I'm developing Hyperstep[0], a spatial language for music production. I find using existing DAWs frustrating because they don't allow me to navigate and operate intuitively on the latent spaces behind my musical ideas. This is why I've decided to build my own set of "seeing tools".(Bret Victor)[1]. I'm also convinced that by framing music as processes and interactions in the 3D world, spatialization and mixing should become fairly pain-free.
I'm still early in development and I would love to build this into an actual product that can be integrated into existing DAWs or even turn it into a musical framework itself for AR and VR experiences.
If you're interested in working on it or if you simply want to know more, feel free to contact me.
[0] https://github.com/a-sumo/hyperstep.
[1] https://www.youtube.com/watch?v=klTjiXjqHrQ
I got two different tracks to work, and it's clear that one was a lot harder to process than the other. It took noticeably more time on the second one, to start and the CPU utilization was higher as well. They were both instrumental tracks in the same format and around the same length. The one simpler to process was the instrumental of Britney Spear's Baby One More Time. The harder one was Porter Robinson's Divinity.

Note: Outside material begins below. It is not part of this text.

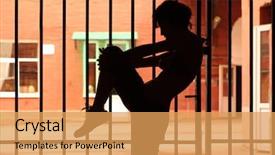  Presentation with holy spirit christian cross silhouette - Slides with prison door - silhouette of dancing girl background and a yellow colored foreground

Neither audio had an effect similar to the one from the demo video, but were interesting regardless. They both looked like how I imagine sound waves echo and bounce around if contained in a cube shape.
I appreciate the notebook writeup where you described the goals because the visualization wasn't inherently intuitive with the sound. I chose much more complex tones than your demo. I imagine the feature extraction is much easier on isolated sounds. This reminds me a lot of project milkdrop and so I was expecting it to be closer to that but in 3d. That was probably a misunderstanding on my part of the goals for this.
I think exposing more parameters about how features get mapped and scaled would be really helpful in making it feel more intuitive. Zooming the cube in and out is nice but didn't seem to help convey more information with the tracks I chose. If anything it got in the way because on my computer the zoom sensitivity was very very high.
I look forward to seeing where this goes.